What to do: Return the listing exactly as it appears, but strip out the images.

Information shown:
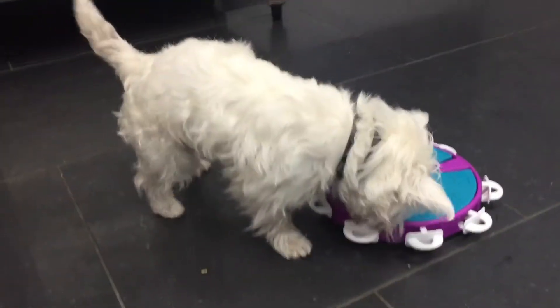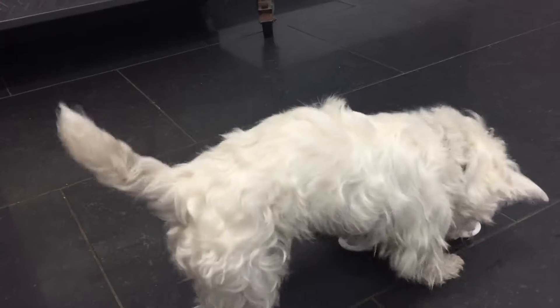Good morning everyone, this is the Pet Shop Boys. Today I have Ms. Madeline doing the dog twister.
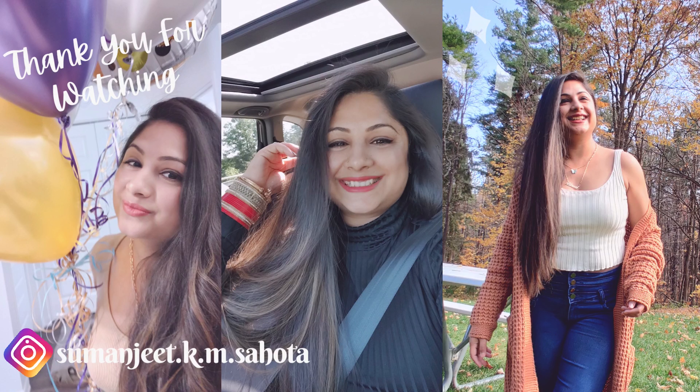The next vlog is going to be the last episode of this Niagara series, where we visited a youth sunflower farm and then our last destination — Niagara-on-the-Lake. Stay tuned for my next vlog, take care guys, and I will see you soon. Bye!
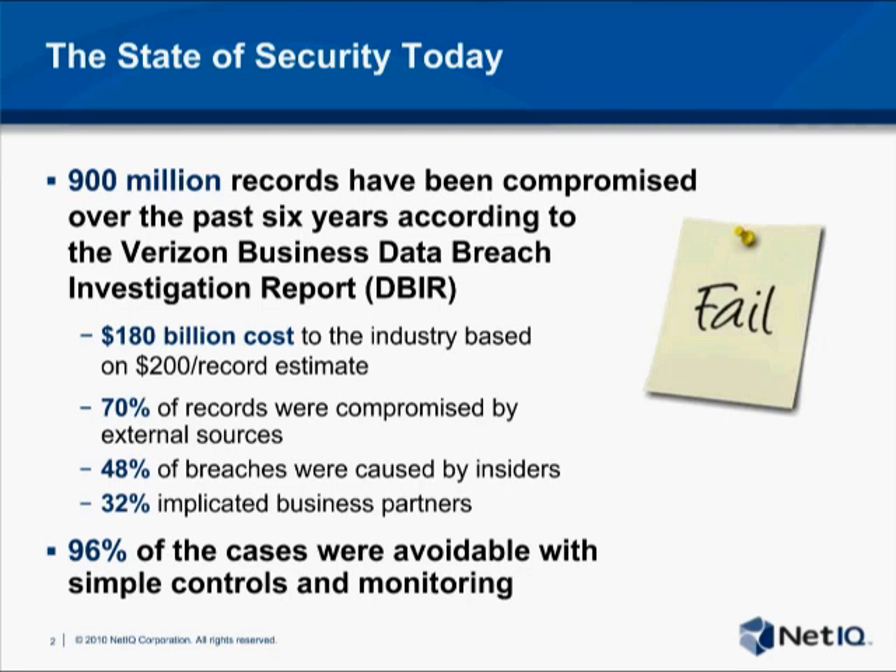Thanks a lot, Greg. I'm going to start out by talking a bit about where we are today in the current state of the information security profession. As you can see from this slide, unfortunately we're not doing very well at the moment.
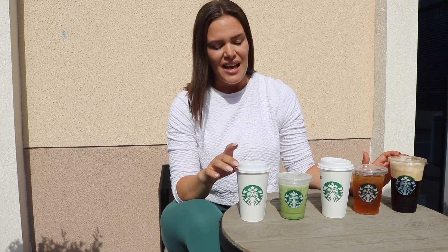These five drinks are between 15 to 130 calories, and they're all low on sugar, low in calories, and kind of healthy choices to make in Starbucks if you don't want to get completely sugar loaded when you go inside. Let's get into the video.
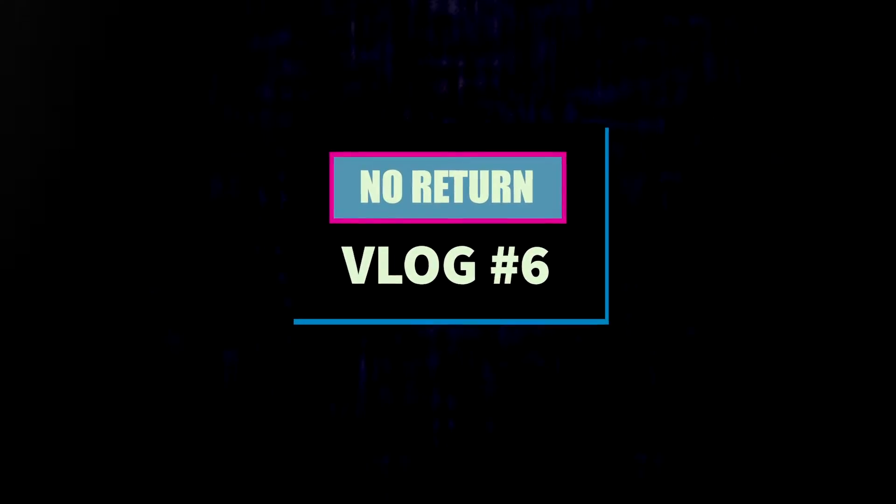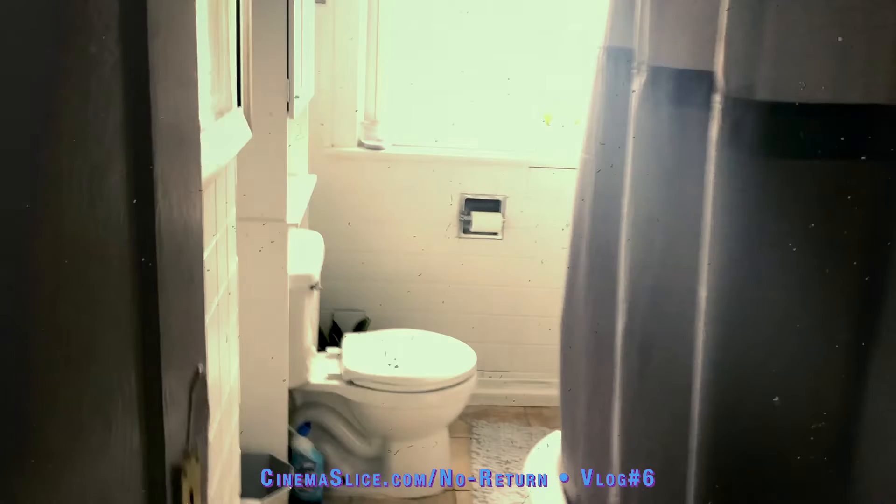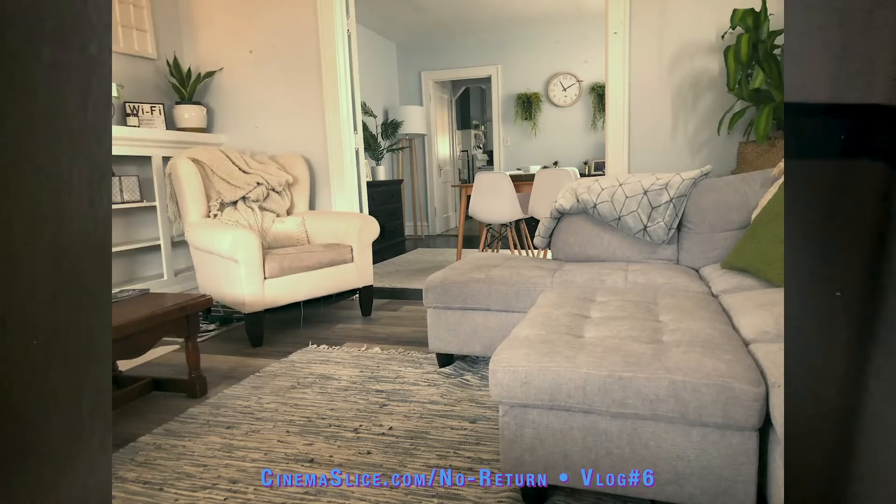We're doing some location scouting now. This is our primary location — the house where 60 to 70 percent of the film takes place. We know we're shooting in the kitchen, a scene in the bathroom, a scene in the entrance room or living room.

Answer to this exercise:
Good morning everyone, this is the Pet Shop Boys. Today I have Ms. Madeline doing the dog twister.
The next vlog is going to be the last episode of this Niagara series, where we visited a youth sunflower farm and then our last destination — Niagara-on-the-Lake. Stay tuned for my next vlog, take care guys, and I will see you soon. Bye!
Thanks a lot, Greg. I'm going to start out by talking a bit about where we are today in the current state of the information security profession. As you can see from this slide, unfortunately we're not doing very well at the moment.
These five drinks are between 15 to 130 calories, and they're all low on sugar, low in calories, and kind of healthy choices to make in Starbucks if you don't want to get completely sugar loaded when you go inside. Let's get into the video.
We're doing some location scouting now. This is our primary location — the house where 60 to 70 percent of the film takes place. We know we're shooting in the kitchen, a scene in the bathroom, a scene in the entrance room or living room.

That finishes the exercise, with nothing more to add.